Sure, the temperature range may be a bit optimistic, but 45 ml/s (one liter every 22 seconds) is literally "just hold it under a running tap". The main engineering challenge would be making sure that heat is removed evenly enough, I guess.
As the previous comment pointed out, its not the net energy that needs to be removed that is the problem.
I.e. its like a kettle that isn't just radiating the stove coil's energy away, it is actually trying to keep your stove coil cool while its turned up to 10!
The same amount of energy movement, but not the same problem at all.
Now the question is what percent of that energy is used by the chip. I understand it is a nice kettle but will be nice to see what can do in terms of computation.
The traditional computer included in the box is probably quite high end and power hungry too so that it can provide enough data to maintain those bandwidths. They don't appear to sell the chips by themselves.

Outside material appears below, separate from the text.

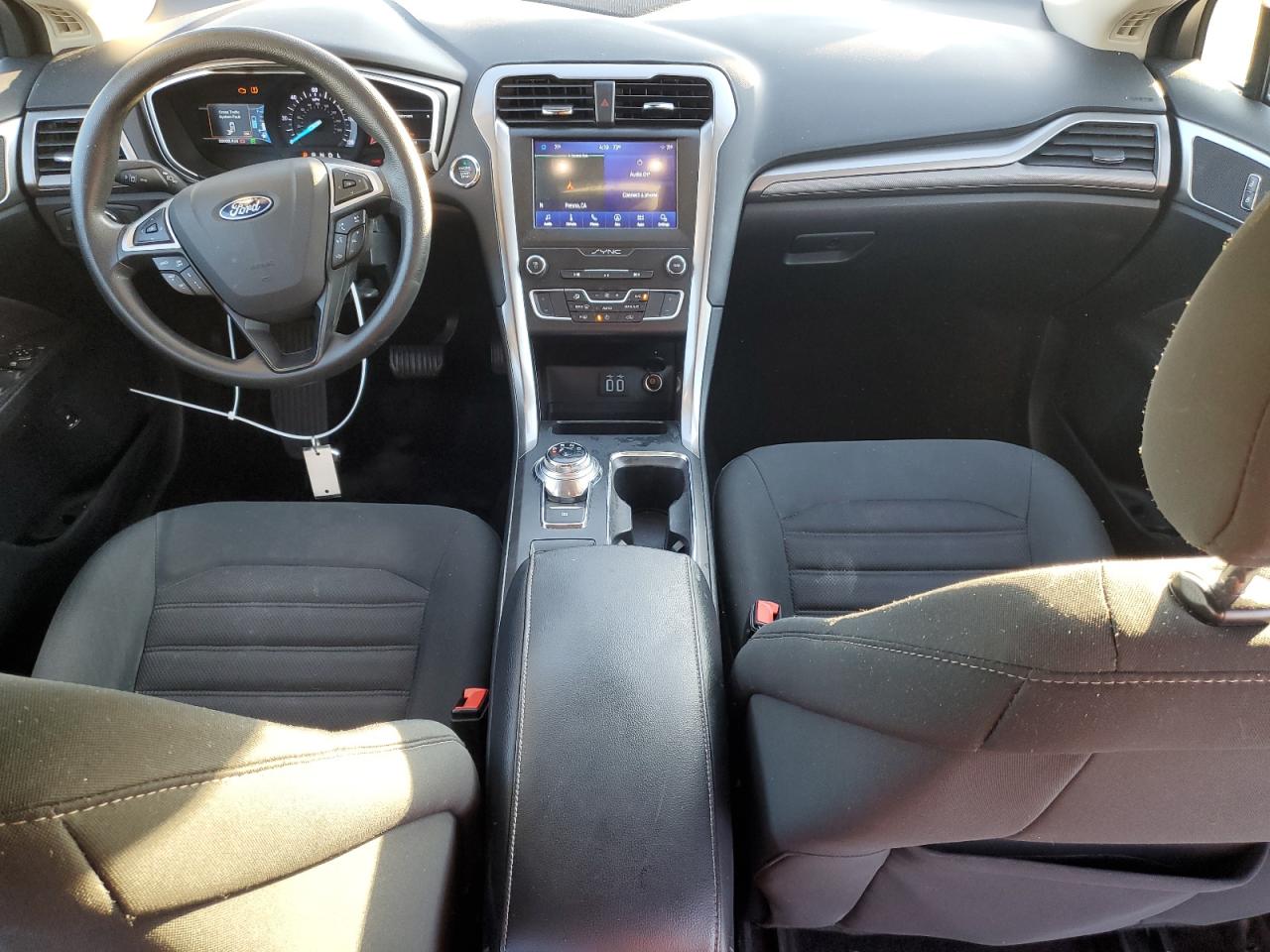 2019 Ford Fusion - Image 8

I think the comparison is with an equivalent gpu cluster like the nvidia DGX systems or HPC CPU nodes. The DGX A100 is 6.5kW for example,
The Cerebras system fits 15 rack units which is more than 2x larger than the DGX (6.5U). A similar 15 node HPC server with CPU is probably not that far from 15kW either (2 socket per node, 250W per CPU is already 7.5kW, then add RAM etc.) so by HPC standards it's less "full room of servers" than "single cabinet".
If the thermal interfaces are done correctly then you can put an absurd flow rate of coolant across the fins and bring it out to a huge heat exchange system.
The trick isn't total power, it's power density on the die. In that regard, I don't think this is pushing the boundaries. It just needs custom built interfaces.
The article talks about the need for special allows that have minimal expansion. There is 15 kilowatts of energy to dissipate in a very small space and the chip really cant expand or contract differently from the cooling block This seems like a hard problem to solve.
Can any materials scientists or engineers comment on if other elements will withstand higher heat better than silicon? Seems like such a large chip would be somewhat better to run at higher temperature rather than budget for huge and elaborate cooling. (This is very much a layman's question. The people who designed the chip and its cooling are far, far smarter than me!)